So omnivorous is Jeremy Denk's musical appetite, that one can easily imagine how confined this searching American pianist must sometimes feel when forced to box his wide-ranging sympathies within the narrow bounds of a conventional piano recital.
Fortunately his colleague Emanuel Ax, as curator of the Chicago Symphony Orchestra's "Keys to the City," was all too happy to indulge Denk's musical wanderlust as part of the piano festival now in progress. The result, heard Sunday at Orchestra Hall, was "The Collaborative Pianist," a program of piano chamber music in which Denk partnered with three close musical friends: violinist Stefan Jackiw, CSO cellist Katinka Kleijn and tenor Nicholas Phan.
Perhaps the most remarkable thing about the concert was how smoothly all the working parts came together. There was none of the grinding of interpretive gears that can occur when ad hoc ensembles present one-off concerts of this sort. Denk proved himself a superbly adaptable chamber musician, clearly enjoying his role as primus inter pares – a vital and engaged collaborator who struck sparks off his partners, and they off him.
I missed the Ligeti etudes he offered as part of the previous Sunday's Chicago Piano Day, but his new Nonesuch recording of these fascinatingly gnarly pieces (coupled with Beethoven's Piano Sonata No. 32) made me eager to hear what he and Jackiw would do with Stravinsky's "Duo Concertant."
Rather than attempt to reconcile the very different natures of the violin and piano, Stravinsky emphasizes their differences, in his own quirky, neo-classical manner. Both Jackiw and Denk understood this, like skilled orators arguing their disparate points of view from opposite corners before eventually meeting in the middle. The music's rhythmic dislocations, perpetual-motion bustle and Apollonian lyricism felt all of a piece.
Robert Schumann's song cycle, "Dichterliebe" ("Poet's Love"), settings of 16 poems by Heinrich Heine, was, of course, a specialty of the late, lamented German baritoneDietrich Fischer-Dieskau. But the songs can be just as effective when sung by a tenor, as they were on this occasion, with great depth of feeling, by the compelling Nicholas Phan.
Phan's instrument has sweetness and presence, and, accomplished lieder singer that he is, he varied its coloration to suit the interior life of Heine's words and Schumann's music. The American tenor is such a probing interpreter that the full range of emotions – from delight to surprise to disillusion to bitterness – was conveyed, turning each lied into a miniature drama. Far more than an accompanist, Denk was similarly alive to musical and poetic nuance; and no singer could have asked for a more sensitive or evocative handling of the piano postludes.

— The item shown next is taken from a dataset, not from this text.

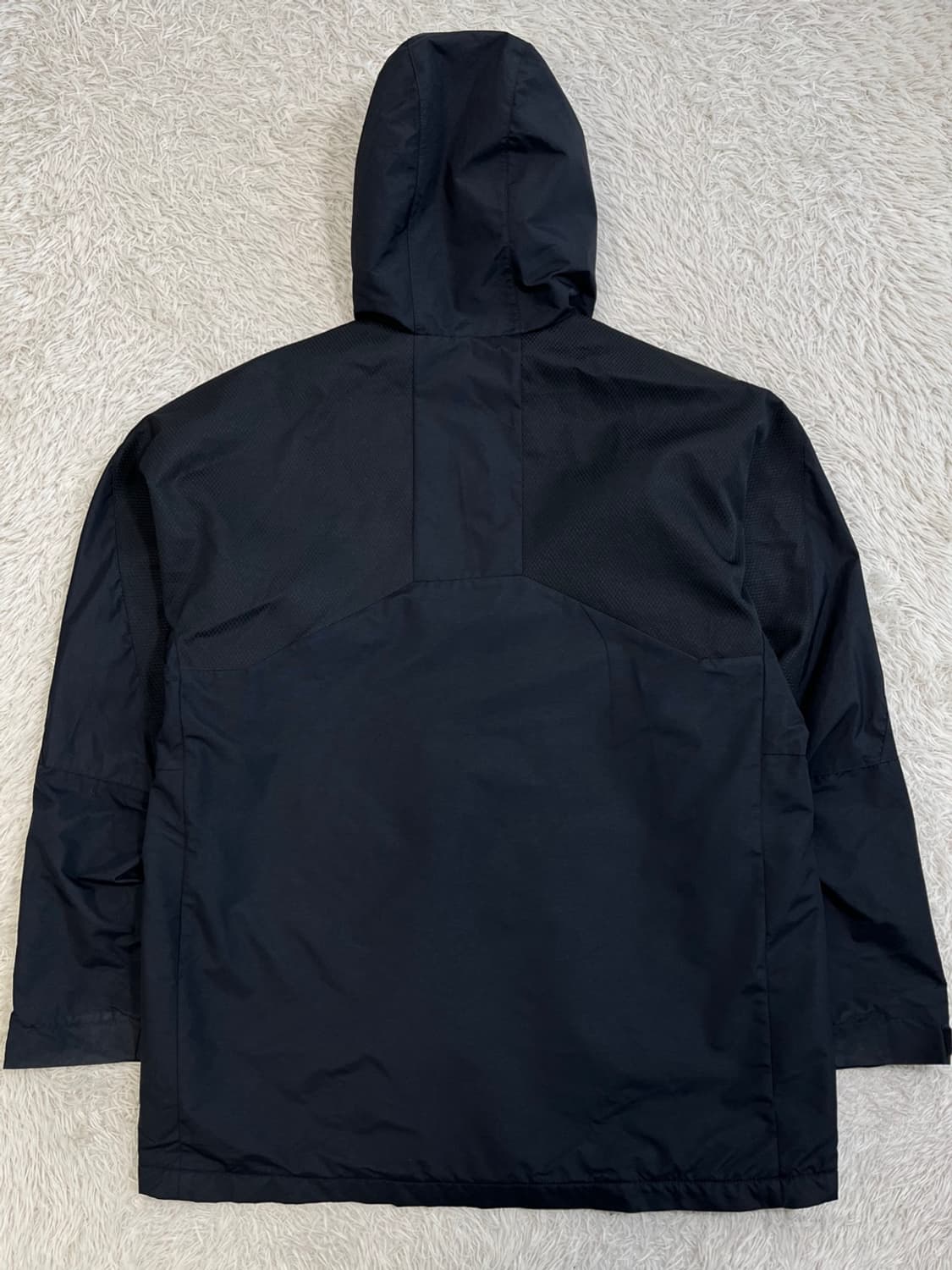 아디다스 바람막이/#111 상품이미지4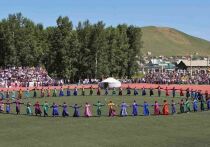 Кандидат экономических наук, доцент департамента международного бизнеса Финансового университета при Правительстве РФ Марина Амурская — о том, как культурное наследие становится основой развития и экономического роста регионов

Following intermission came Dvorak's beautiful and too-seldom-heard Piano Trio in F minor, Opus 65.
The dark, turbulent passions that sweep through its four movements represent a tug-of-war between the composer's debt to his champion, Johannes Brahms, and his equally powerful debt to the spirit of Czech nationalism. The latter eventually wins out, but for most of the duration it's a draw.
Occasionally I wished Jackiw could have modulated his bright sound a bit more to match the burnished warmth of Kleijn's cello, but the close matching of phrases between the two string players and the pianist was so spontaneously achieved as to silence any objections. All three artists excelled at rhythmically alert give and take, making every moment register strongly while never losing sight of the big picture. Denk's clear, sunny keyboard textures could hardly have been better balanced against the larger ensemble.
A lengthy ovation greeted the performers at the end of the afternoon, but no encores were proffered. Jackiw will, however, return later in the week as one of the soloists in CSO subscription series performances of the Beethoven "Triple" Concerto, under Trevor Pinnock's direction.